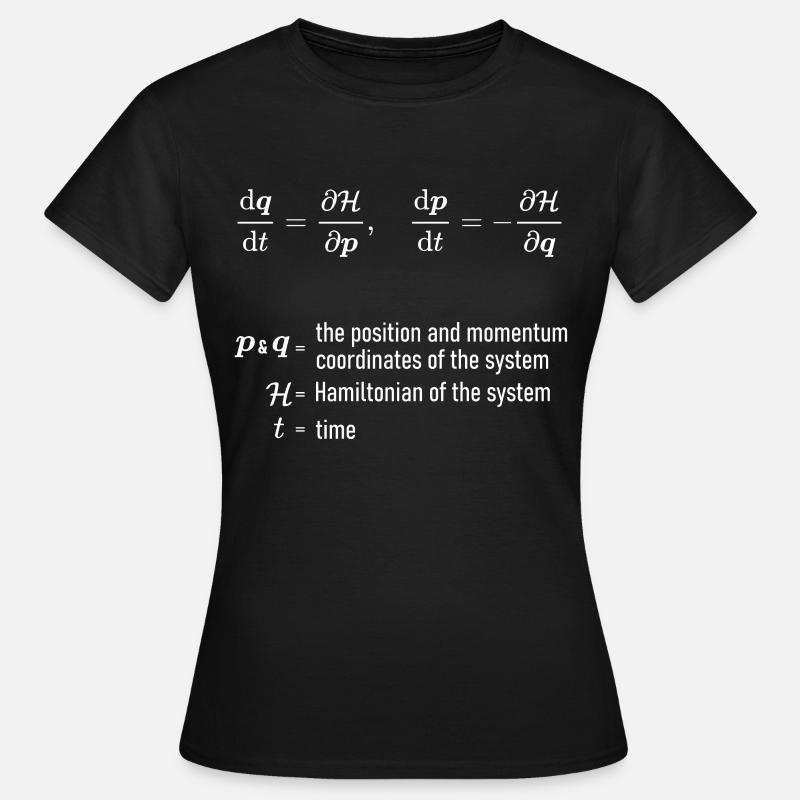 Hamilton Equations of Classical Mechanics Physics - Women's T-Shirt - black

--

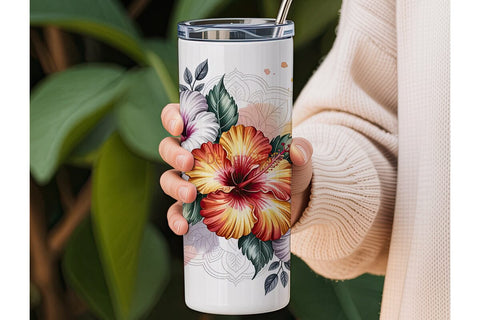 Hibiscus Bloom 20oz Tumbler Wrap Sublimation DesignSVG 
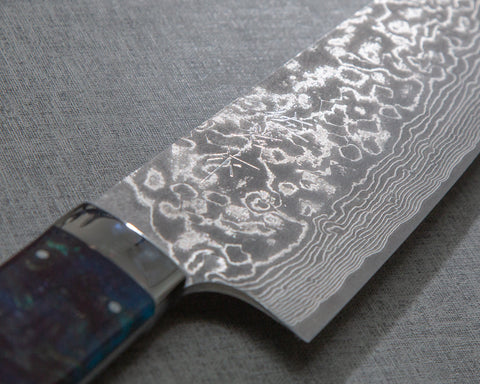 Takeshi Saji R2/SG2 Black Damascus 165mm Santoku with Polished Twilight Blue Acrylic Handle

==

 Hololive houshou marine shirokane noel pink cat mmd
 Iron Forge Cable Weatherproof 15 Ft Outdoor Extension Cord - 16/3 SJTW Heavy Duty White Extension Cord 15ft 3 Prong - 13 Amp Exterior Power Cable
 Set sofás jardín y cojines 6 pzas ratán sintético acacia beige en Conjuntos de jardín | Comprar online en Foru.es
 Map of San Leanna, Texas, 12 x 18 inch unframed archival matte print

ABOUT THIS TASK: I'd like the lines above from the one with "Iron Forge Cable" up to and including the one with "Map of San Leanna, Texas, 12" copied exactly, with no other lines.

PROBLEM SOLUTION:
 Iron Forge Cable Weatherproof 15 Ft Outdoor Extension Cord - 16/3 SJTW Heavy Duty White Extension Cord 15ft 3 Prong - 13 Amp Exterior Power Cable
 Set sofás jardín y cojines 6 pzas ratán sintético acacia beige en Conjuntos de jardín | Comprar online en Foru.es
 Map of San Leanna, Texas, 12 x 18 inch unframed archival matte print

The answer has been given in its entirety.